Did you do a game repair or did you do a complete install again because I did a repair and that didn't fix anything? I can't play MP at all because the stupid Nov 22 patch, SP works though and I have tried all the fixes that are posted everywhere and nothing works.

Been hearing how EA support has been telling people to wait till next patch... get real..


----------



## being that guy

Quote:


> Originally Posted by *jaydawg*
> 
> Did you do a game repair or did you do a complete install again because I did a repair and that didn't fix anything? I can't play MP at all because the stupid Nov 22 patch, SP works though and I have tried all the fixes that are posted everywhere and nothing works.
> Been hearing how EA support has been telling people to wait till next patch... get real..
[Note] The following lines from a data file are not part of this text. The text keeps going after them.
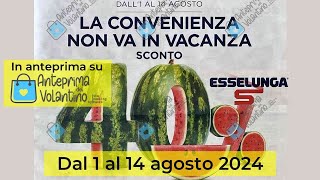 Volantino Esselunga dal 1 al 14 agosto 2024 in anteprima [upl. by Grossman689]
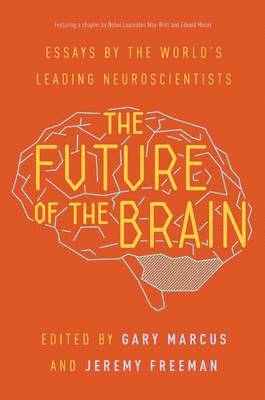 Gary Marcus, Jeremy Freeman - The Future of the Brain, Häftad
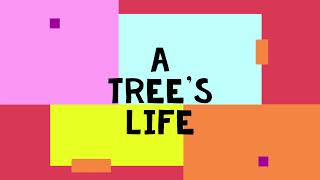 The Art of Science: A Tree's Life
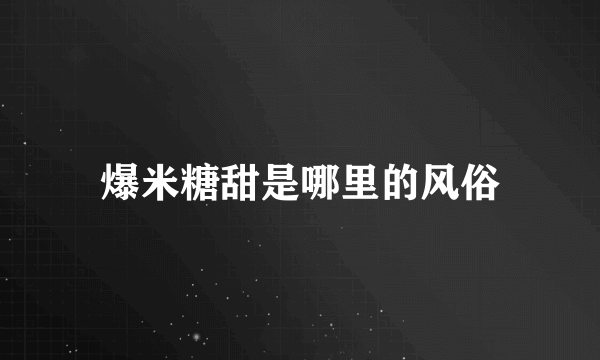爆米糖甜是哪里的风俗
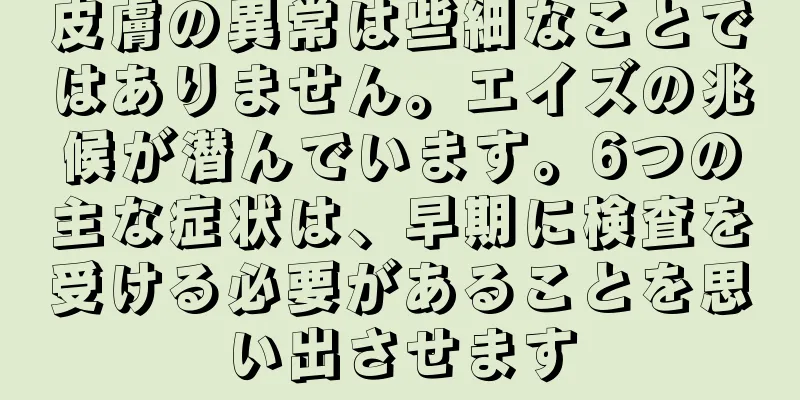 皮膚の異常は些細なことではありません。エイズの兆候が潜んでいます。6つの主な症状は、早期に検査を受ける必要があることを思い出させます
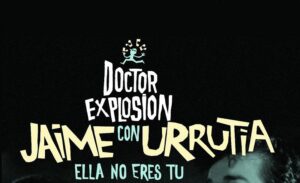 Jorge Explosion y Jaime Urrutia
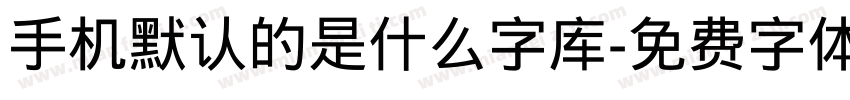 手机默认的是什么字库字体转换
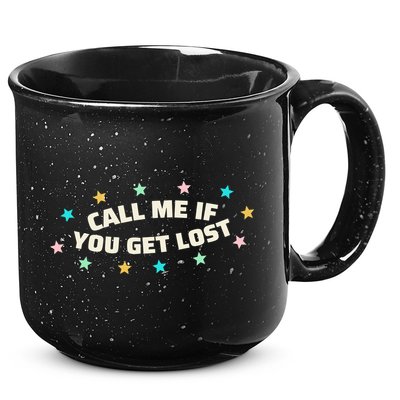 Call Me If You Get Lost 15oz Campfire Ceramic Mug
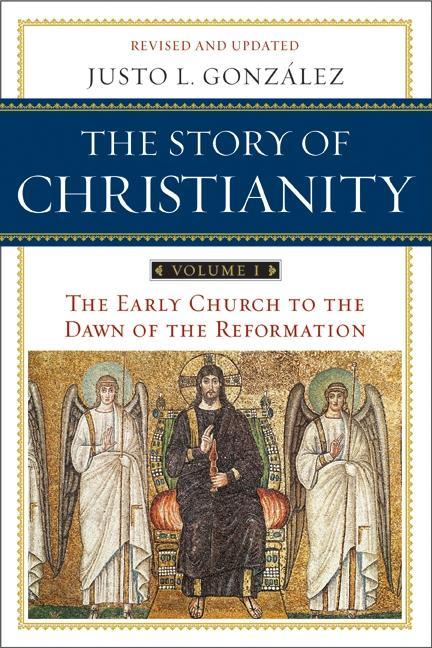 Story of Christianity: Volume 1: The Early Church to the Dawn of the Reformation (Revised, Updated) - stevensbooks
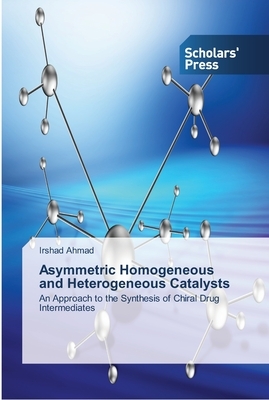 Asymmetric Homogeneous and Heterogeneous Catalysts by Irshad Ahmad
I just reinstalled for the 2nd time (complete reinstall). I finally was able to actually play a game for the first time since the patch. It did crash the first time, but I got in on the second try. The patch has been very frustrating for me.


----------



## PappaSmurfsHarem

Quote:


> Originally Posted by *Riggs.*
> 
> Just noticed this the other day.
> The heavy barrel for rifles is pretty stupid. It makes no sense. I originally used it because I thought, like in real life, that the heavier barrel would decrease recoil. Instead, in the game, it's good for long range but it increases recoil.
> Umm, that makes no sense. Recoil is most usually muzzle rise, a heavier barrel counteracts that(you know, using the force of gravity) and actually makes the weapon more manageable recoil wise.
> I know it's a game, but it doesn't make sense. I honestly never bothered to look at the description because I just assumed it was there for the same reason they put barrel weights on the end of 1911's and make sure to have well weighted rifles.
> Just to insure I'm not crazy, I went and read about it online to assure myself. How they could get something so wrong, I do not know.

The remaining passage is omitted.